Publié le 10 janvier 2024 09:57:00. Newry, ville d’Irlande du Nord, pourrait devenir une alternative abordable au marché immobilier de Dublin, attirant des travailleurs et stimulant l’économie locale grâce à un modèle inspiré de Malmö, en Suède. Un nouveau rapport propose un investissement massif dans les infrastructures pour faciliter cette transformation.
- Un rapport préconise un investissement de plus de 123 millions d’euros pour moderniser les infrastructures de Newry et attirer de nouveaux habitants.

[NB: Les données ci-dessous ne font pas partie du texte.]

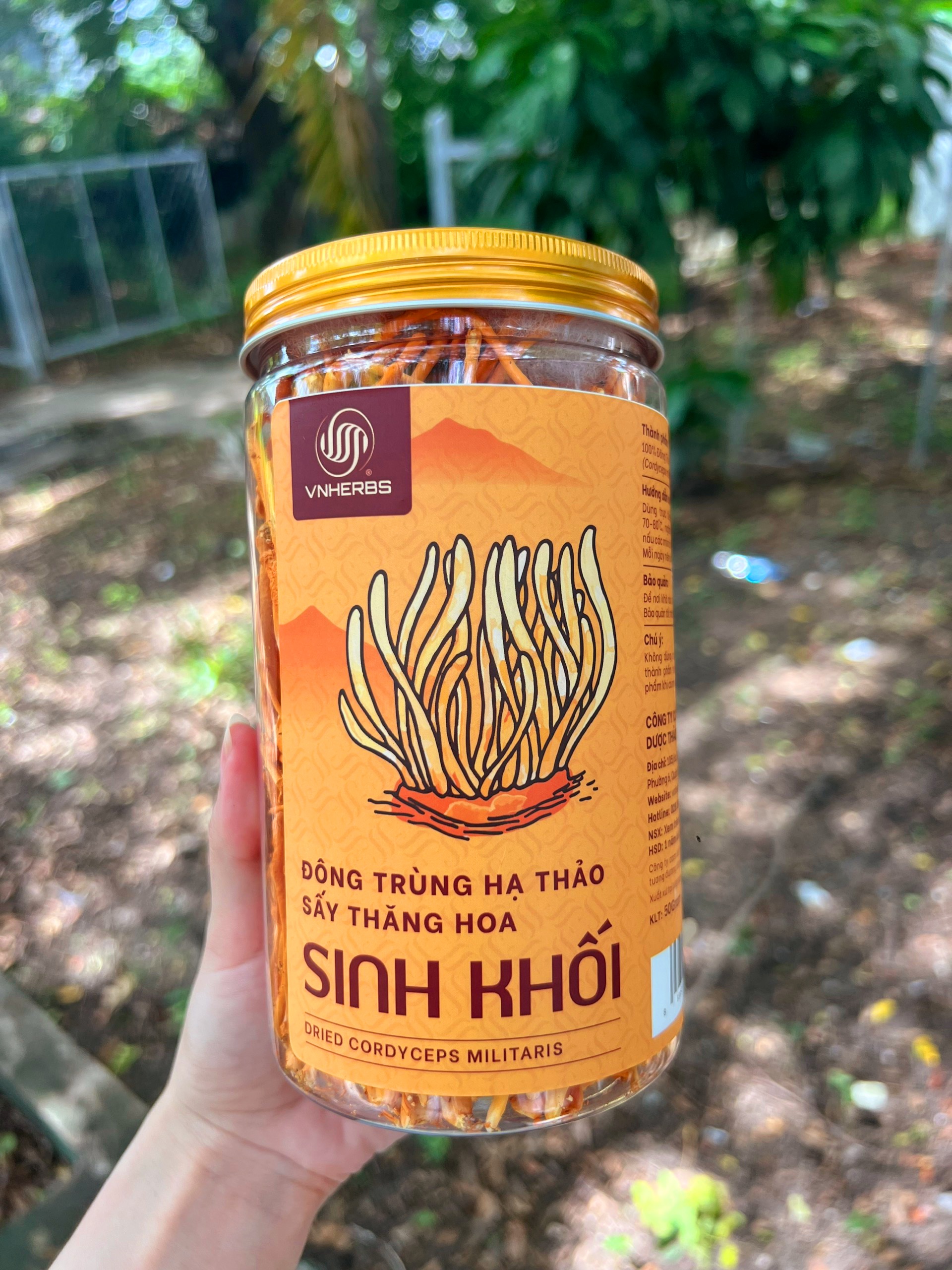 Đông Trùng Hạ Thảo sấy thăng hoa 50g tăng cường sức đề kháng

- L’objectif est de construire 6 000 nouveaux logements dans la région au cours de la prochaine décennie, offrant une alternative plus abordable à Dublin.
- Le modèle économique s’inspire de villes frontalières européennes comme Malmö (Suède) et Annemasse (France), où les habitants vivent dans un pays et travaillent dans un autre.
Newry, située à la frontière entre l’Irlande du Nord et la République d’Irlande, pourrait connaître un essor démographique et économique significatif si les recommandations d’un rapport intitulé « Newry Next » sont mises en œuvre. Rédigé par l’homme d’affaires Paschal Taggart et Ger Perdisatt, conseiller stratégique en intelligence artificielle (IA), ce document de 64 pages propose de faire de la ville un pôle suburbain transfrontalier, capable de répondre à la crise du logement à Dublin.
L’idée maîtresse est de tirer parti de la situation géographique de Newry et de sa proximité avec Dublin et Belfast pour offrir des logements plus spacieux à des prix nettement inférieurs à ceux des banlieues dublinoises, comme Mullingar, Portlaoise et Carlow. Selon les estimations, un logement à Newry coûterait environ 150 000 € de moins qu’un bien comparable dans ces zones.
L’initiative, soutenue par l’ancien sénateur Martin McAleese, s’appuie sur le concept de « corridor économique », déjà observé dans d’autres régions frontalières d’Europe. Ce modèle permet aux travailleurs de résider dans un pays où le coût de la vie est plus faible tout en étant employés et en payant leurs impôts dans un autre pays. Des exemples concrets incluent la liaison entre Malmö et Copenhague, Annemasse et Genève, ainsi que Bratislava et Vienne.
Les auteurs du rapport soulignent que 14 000 déplacements transfrontaliers ont lieu quotidiennement entre Dublin et Belfast par train et par route, avec des temps de trajet de 45 minutes vers Belfast et 75 minutes vers Dublin. Ils estiment que la construction de 6 000 nouvelles habitations augmenterait la population locale de 15 000 personnes.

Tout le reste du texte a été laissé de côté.